ふとバケモノの方を見れば、いつの間にかバケモノの至近距離に移動していた。
(早い…っ!一瞬で飛んでいったのか!?全然見えなかった…!)
瞬間、強烈な風が吹き荒れ、バケモノの体が宙に浮いたまま身動き封じられているように見えた。
≪ギイイイイッッ…!!ハナセェ――――ッ!!!≫
目には見えない何かで、体の動きを封じられているバケモノは、もがきながら叫んでいた。
そして、まるで重力で上から圧をかけられているかのようにその体が数百メートルの地上から地面へと叩きつけられる。
≪ウギャアアアアアアアアアアアアアアアア!!!!!!!≫
バケモノが地面に叩きつけられたと同時に、隙を与えず、バケモノ目掛けて青白い雷がうねりを上げて落下した。

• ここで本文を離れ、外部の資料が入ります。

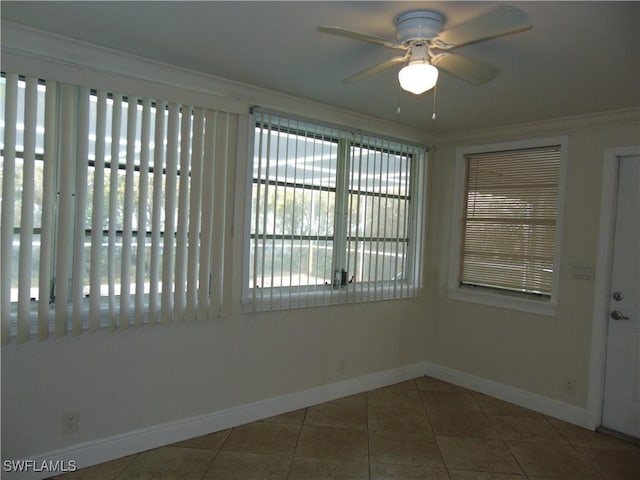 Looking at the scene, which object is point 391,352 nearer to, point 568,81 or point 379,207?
point 379,207

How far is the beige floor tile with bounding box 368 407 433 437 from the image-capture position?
3.10 m

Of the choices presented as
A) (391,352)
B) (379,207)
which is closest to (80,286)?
(379,207)

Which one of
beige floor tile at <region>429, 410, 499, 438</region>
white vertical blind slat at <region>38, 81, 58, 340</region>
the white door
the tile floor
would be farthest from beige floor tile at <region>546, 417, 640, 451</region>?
white vertical blind slat at <region>38, 81, 58, 340</region>

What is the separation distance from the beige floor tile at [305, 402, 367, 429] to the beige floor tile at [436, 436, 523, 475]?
0.59 metres

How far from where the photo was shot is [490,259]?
385 centimetres

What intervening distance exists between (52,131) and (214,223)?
102cm

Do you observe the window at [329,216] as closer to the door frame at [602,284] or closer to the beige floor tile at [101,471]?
the beige floor tile at [101,471]

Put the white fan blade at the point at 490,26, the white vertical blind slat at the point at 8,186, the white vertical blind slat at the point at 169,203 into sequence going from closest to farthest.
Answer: the white fan blade at the point at 490,26
the white vertical blind slat at the point at 8,186
the white vertical blind slat at the point at 169,203

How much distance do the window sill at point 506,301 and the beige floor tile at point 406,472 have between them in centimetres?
160

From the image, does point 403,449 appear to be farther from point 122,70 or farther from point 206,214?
point 122,70

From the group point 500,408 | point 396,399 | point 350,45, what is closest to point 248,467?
point 396,399

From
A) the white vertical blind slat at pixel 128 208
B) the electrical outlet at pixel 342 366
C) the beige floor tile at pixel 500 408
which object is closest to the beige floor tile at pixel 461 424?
the beige floor tile at pixel 500 408

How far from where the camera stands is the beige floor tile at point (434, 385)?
390 centimetres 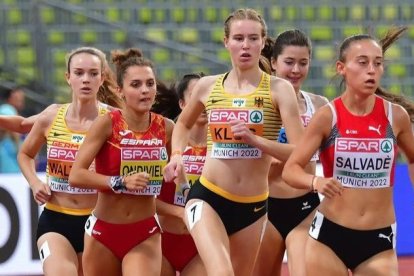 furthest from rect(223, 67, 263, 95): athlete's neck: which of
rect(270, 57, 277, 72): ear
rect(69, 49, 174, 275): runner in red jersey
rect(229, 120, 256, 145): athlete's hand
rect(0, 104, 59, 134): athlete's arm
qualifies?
rect(0, 104, 59, 134): athlete's arm

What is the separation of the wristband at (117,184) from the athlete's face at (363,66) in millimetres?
1535

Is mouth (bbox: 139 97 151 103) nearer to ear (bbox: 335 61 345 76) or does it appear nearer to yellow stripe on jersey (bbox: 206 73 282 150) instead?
→ yellow stripe on jersey (bbox: 206 73 282 150)

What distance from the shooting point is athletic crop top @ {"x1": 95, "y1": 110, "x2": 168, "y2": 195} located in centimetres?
759

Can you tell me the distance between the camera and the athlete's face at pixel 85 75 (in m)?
8.25

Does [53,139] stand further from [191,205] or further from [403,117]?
[403,117]

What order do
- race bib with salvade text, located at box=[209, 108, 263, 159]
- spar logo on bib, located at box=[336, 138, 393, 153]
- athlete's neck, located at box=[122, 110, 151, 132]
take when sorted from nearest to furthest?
spar logo on bib, located at box=[336, 138, 393, 153] → race bib with salvade text, located at box=[209, 108, 263, 159] → athlete's neck, located at box=[122, 110, 151, 132]

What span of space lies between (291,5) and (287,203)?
11.6 meters

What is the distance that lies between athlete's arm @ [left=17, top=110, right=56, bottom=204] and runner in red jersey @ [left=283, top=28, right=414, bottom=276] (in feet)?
7.08

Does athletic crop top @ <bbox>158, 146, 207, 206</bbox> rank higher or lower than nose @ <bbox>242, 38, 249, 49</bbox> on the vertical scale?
lower

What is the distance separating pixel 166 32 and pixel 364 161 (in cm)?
1288

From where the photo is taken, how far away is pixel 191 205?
7512 mm

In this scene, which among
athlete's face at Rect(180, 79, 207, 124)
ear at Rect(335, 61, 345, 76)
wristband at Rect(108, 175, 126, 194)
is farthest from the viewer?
athlete's face at Rect(180, 79, 207, 124)

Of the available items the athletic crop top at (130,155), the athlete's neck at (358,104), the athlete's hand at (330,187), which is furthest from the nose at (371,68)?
the athletic crop top at (130,155)

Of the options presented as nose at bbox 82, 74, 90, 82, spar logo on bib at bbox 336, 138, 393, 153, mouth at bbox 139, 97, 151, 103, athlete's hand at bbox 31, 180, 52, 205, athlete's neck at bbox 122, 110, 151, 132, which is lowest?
athlete's hand at bbox 31, 180, 52, 205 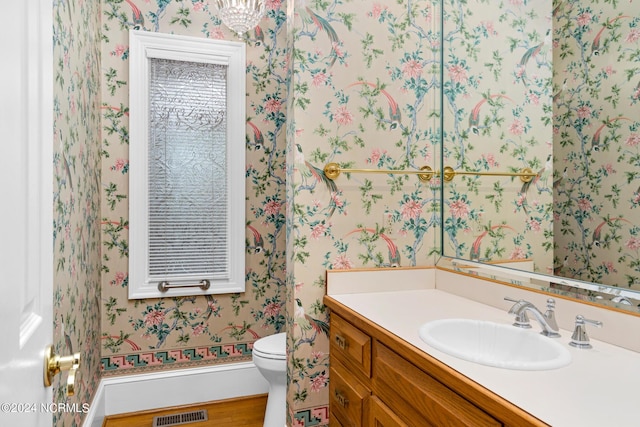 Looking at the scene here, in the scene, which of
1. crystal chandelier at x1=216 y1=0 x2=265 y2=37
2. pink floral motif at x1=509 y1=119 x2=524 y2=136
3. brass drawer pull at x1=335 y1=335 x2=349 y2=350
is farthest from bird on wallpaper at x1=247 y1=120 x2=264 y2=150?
pink floral motif at x1=509 y1=119 x2=524 y2=136

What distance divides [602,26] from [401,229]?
3.39ft

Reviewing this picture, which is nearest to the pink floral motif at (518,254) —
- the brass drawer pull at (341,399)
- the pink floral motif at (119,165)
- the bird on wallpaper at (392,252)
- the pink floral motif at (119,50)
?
the bird on wallpaper at (392,252)

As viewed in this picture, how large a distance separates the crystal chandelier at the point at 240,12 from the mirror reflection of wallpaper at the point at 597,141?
1413 mm

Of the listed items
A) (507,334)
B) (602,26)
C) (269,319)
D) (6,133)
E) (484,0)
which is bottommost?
(269,319)

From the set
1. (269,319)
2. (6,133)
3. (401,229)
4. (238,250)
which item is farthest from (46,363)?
(269,319)

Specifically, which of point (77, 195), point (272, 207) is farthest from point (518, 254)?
point (77, 195)

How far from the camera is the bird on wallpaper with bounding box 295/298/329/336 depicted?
1.78m

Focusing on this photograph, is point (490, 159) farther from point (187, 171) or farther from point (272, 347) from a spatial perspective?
point (187, 171)

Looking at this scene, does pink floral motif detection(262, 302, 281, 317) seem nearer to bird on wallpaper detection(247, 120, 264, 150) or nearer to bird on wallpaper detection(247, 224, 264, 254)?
bird on wallpaper detection(247, 224, 264, 254)

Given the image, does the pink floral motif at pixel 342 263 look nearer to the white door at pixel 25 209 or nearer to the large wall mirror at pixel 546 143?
the large wall mirror at pixel 546 143

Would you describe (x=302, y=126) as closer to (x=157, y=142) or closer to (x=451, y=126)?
(x=451, y=126)

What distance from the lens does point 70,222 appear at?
5.61 ft

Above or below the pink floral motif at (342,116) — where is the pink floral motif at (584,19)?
above

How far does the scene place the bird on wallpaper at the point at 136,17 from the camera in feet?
7.97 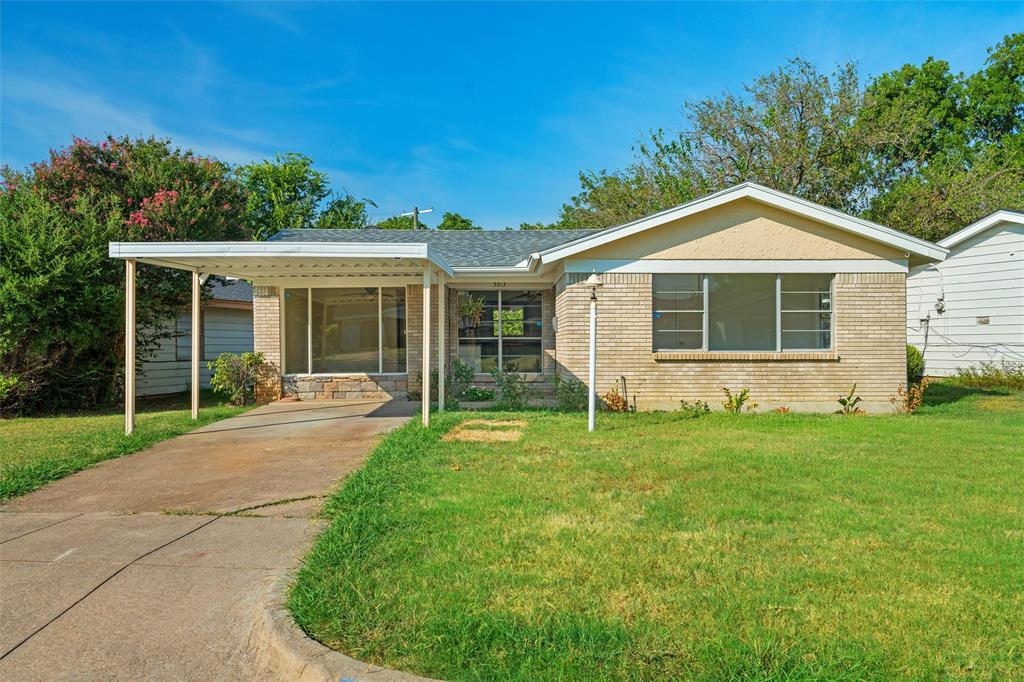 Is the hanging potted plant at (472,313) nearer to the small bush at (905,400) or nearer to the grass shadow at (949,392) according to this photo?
the small bush at (905,400)

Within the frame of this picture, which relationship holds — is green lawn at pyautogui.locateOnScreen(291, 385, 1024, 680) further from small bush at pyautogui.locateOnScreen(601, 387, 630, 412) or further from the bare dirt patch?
small bush at pyautogui.locateOnScreen(601, 387, 630, 412)

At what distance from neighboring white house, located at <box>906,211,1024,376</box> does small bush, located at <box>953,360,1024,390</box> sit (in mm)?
184

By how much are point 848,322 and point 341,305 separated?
10604 mm

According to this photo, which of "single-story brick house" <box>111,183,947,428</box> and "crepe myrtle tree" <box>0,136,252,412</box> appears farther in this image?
"single-story brick house" <box>111,183,947,428</box>

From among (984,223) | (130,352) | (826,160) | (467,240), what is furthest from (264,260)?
A: (826,160)

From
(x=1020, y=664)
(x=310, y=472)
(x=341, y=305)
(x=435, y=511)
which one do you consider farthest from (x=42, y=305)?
(x=1020, y=664)

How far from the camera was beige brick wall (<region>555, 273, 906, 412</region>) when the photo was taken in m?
11.8

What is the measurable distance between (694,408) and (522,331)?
4435 mm

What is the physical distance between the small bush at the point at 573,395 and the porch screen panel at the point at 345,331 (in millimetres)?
4653

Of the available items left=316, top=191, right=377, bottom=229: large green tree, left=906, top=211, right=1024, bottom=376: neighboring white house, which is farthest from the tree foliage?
left=316, top=191, right=377, bottom=229: large green tree

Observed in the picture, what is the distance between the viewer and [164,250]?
877cm

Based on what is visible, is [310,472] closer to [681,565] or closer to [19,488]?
[19,488]

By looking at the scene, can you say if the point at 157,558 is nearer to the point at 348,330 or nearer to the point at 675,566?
the point at 675,566

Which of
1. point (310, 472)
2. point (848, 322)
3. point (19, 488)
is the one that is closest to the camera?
point (19, 488) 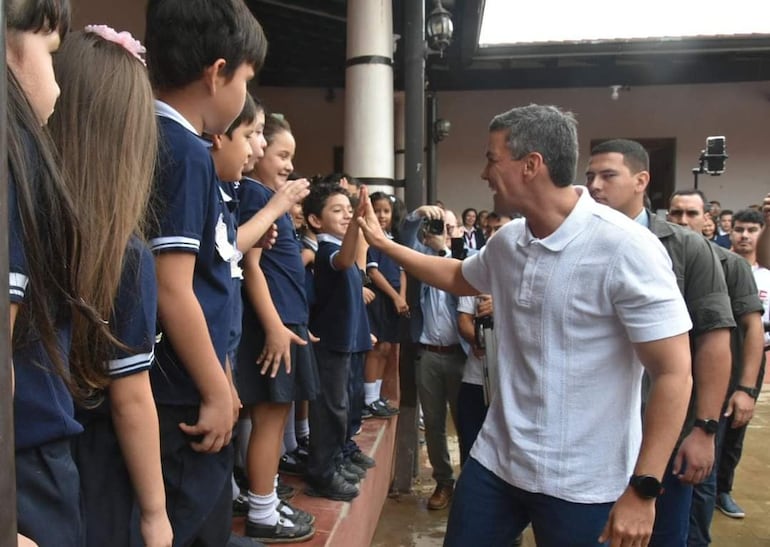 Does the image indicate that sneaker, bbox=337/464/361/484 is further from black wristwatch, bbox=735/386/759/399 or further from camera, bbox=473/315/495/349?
black wristwatch, bbox=735/386/759/399

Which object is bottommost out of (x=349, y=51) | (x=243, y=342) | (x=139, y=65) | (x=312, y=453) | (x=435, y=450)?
(x=435, y=450)

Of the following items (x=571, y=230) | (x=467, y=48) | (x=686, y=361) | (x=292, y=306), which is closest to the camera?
(x=686, y=361)

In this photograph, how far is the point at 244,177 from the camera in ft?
7.06

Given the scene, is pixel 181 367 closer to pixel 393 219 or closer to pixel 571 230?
pixel 571 230

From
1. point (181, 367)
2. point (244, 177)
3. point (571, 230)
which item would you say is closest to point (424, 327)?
point (244, 177)

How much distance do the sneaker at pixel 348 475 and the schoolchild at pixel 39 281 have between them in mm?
2040

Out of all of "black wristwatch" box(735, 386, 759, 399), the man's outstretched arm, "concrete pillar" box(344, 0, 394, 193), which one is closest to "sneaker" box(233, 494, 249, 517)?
the man's outstretched arm

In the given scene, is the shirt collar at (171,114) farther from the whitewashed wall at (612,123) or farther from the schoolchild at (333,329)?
the whitewashed wall at (612,123)

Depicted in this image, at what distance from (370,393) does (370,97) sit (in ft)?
7.74

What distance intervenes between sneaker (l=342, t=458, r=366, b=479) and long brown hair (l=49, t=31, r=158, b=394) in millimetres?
2134

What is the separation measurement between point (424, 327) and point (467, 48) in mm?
5728

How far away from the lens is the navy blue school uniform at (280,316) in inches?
83.1

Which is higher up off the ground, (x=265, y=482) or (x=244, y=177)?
(x=244, y=177)

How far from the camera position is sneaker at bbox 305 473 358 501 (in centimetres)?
269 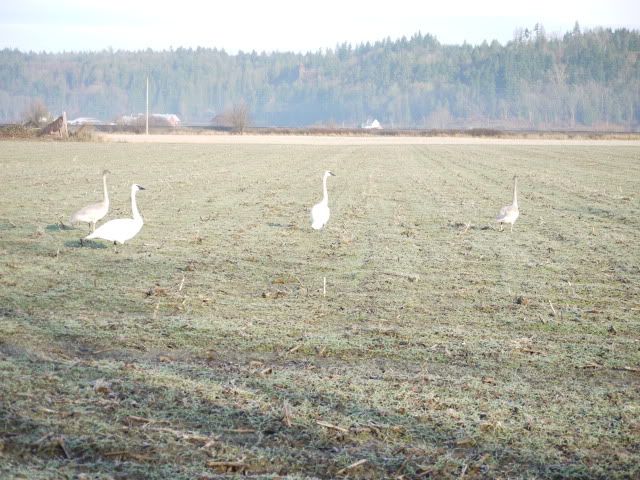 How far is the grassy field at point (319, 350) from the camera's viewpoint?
5633mm

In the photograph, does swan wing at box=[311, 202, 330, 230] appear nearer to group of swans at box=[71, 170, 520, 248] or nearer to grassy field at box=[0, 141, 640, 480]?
group of swans at box=[71, 170, 520, 248]

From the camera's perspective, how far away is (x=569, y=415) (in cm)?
652

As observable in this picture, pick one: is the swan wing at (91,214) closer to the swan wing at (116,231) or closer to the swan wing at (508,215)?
the swan wing at (116,231)

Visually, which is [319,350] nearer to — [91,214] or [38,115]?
[91,214]

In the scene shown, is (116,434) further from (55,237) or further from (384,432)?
(55,237)

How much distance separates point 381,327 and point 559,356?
1826mm

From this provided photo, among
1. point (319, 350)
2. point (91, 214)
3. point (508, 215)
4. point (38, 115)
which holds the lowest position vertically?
point (319, 350)

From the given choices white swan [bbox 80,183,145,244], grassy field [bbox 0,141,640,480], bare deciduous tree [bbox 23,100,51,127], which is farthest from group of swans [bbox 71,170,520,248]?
bare deciduous tree [bbox 23,100,51,127]

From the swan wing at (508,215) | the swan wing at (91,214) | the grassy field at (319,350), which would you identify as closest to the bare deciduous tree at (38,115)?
the grassy field at (319,350)

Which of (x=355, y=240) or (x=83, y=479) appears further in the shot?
(x=355, y=240)

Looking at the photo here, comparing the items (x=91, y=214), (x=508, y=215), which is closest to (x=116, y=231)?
(x=91, y=214)

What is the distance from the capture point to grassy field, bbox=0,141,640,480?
18.5 feet

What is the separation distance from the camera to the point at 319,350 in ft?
26.5

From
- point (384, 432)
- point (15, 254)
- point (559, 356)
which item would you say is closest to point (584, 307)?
point (559, 356) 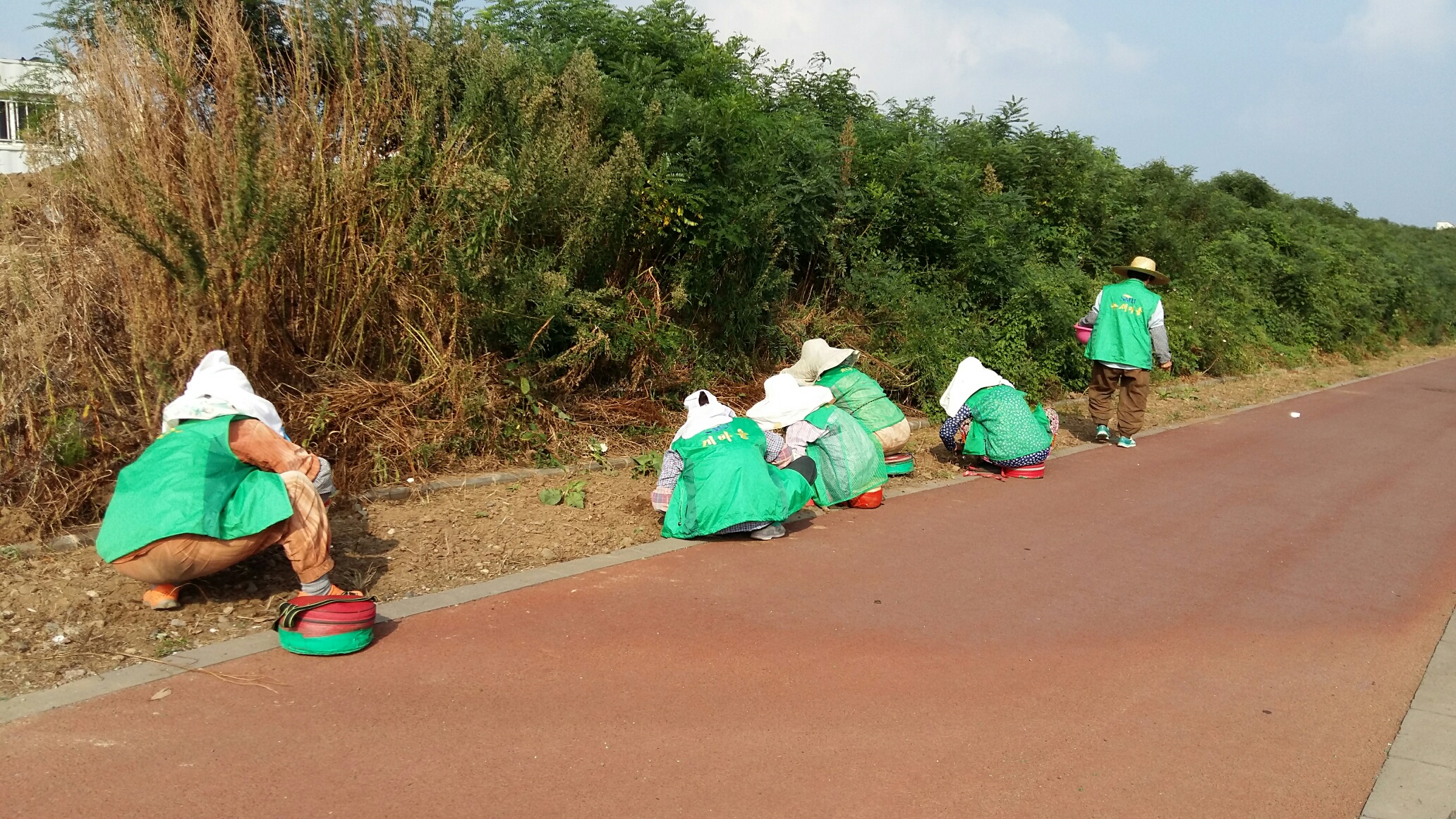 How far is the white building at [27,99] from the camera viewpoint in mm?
7188

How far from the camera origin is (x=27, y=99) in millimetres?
7543

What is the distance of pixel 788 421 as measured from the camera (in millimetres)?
7426

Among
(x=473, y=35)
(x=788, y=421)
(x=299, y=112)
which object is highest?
(x=473, y=35)

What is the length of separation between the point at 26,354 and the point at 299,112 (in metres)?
2.36

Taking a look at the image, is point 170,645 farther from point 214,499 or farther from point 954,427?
point 954,427

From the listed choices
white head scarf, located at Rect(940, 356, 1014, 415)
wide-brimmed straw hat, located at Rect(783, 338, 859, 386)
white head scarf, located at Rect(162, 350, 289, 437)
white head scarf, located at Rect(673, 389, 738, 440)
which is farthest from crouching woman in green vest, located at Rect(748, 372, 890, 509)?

≪ギイイイイイイイイイイイイイイイ―――ッッ!!!≫
苦しそうなバケモノの悲鳴が街中に響き渡ると、その姿は一瞬で消滅していった。
「マジ…かよ…」
目の前で繰り広げられているバトルが、本当に起きているのか信じられないまま、俺は唖然とバケモノが消えた所を見て立ち尽くしている事しか出来なかった。
――――*
本当に現実世界で起きた事なのか疑いたくなるほど壮絶な戦いを目の当たりにした俺は、とてつもない疲労感を感じながら家へと帰宅した。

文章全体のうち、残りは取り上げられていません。